Upon first thought, Cliff Avril might not seem to be the marquee free-agent acquisition every Saints fan is hoping for on the defensive side of the football. In fact, if you're simply a novice football fan, you may not even know the name at all.
But make no mistake about it, the New Orleans Saints and their personnel department know who Avril is, likely to a tee. Are they going to make an aggressive push to sign him? That is a vastly different question.
In fact, it is the question I hope to answer over the next few moments. Just as with the Jacksons, I want to explore this player the way an NFL pro scout would—which of course, is virtually the same process as the one college scouts go through when evaluating a prospect.
Before I get to the pros and cons of Avril, it is important to note that Avril is more like a college prospect than most of the free-agent targets I have studied.
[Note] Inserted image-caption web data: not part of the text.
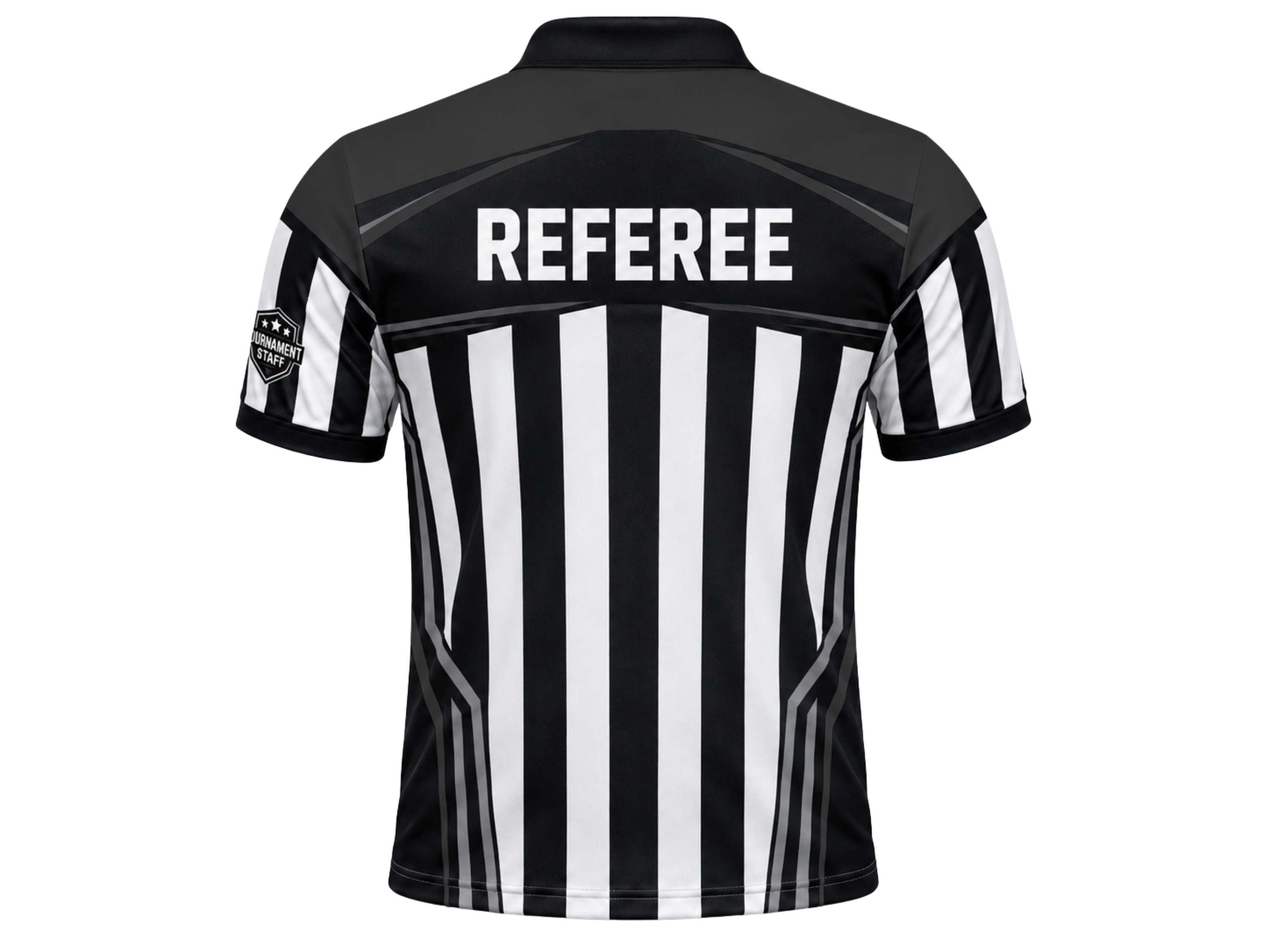 Custom Ping Pong Referee Polo – Black White Striped Tournament Shirt for Wholesale Buyers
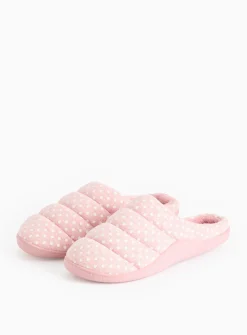 Pink Spot Print Mule Slippers L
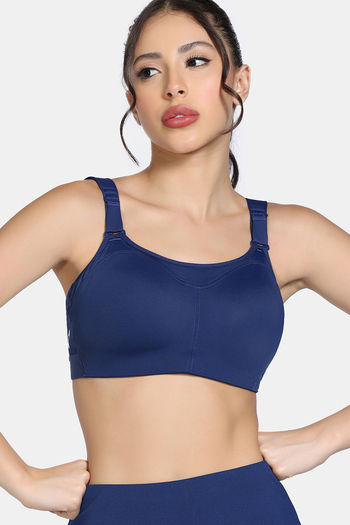 model image of Zelocity High Impact Quick Dry Sports Bra - Medieval Blue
There are two reasons for that: First, Avril remains very raw at his position, but part of that is due to a lack of experience. Second, Avril is coming from a Tampa Two, Wide-Nine defensive alignment.
In that defense, the defensive ends are essentially glorified outside linebackers. It’s an oversimplification of course, but in Detroit, Avril wasn’t asked to defend the run; only get after the passer at all costs. In New Orleans a season ago, the defensive ends were only asked to defend the run and forget about rushing the passer (at least in the base defense).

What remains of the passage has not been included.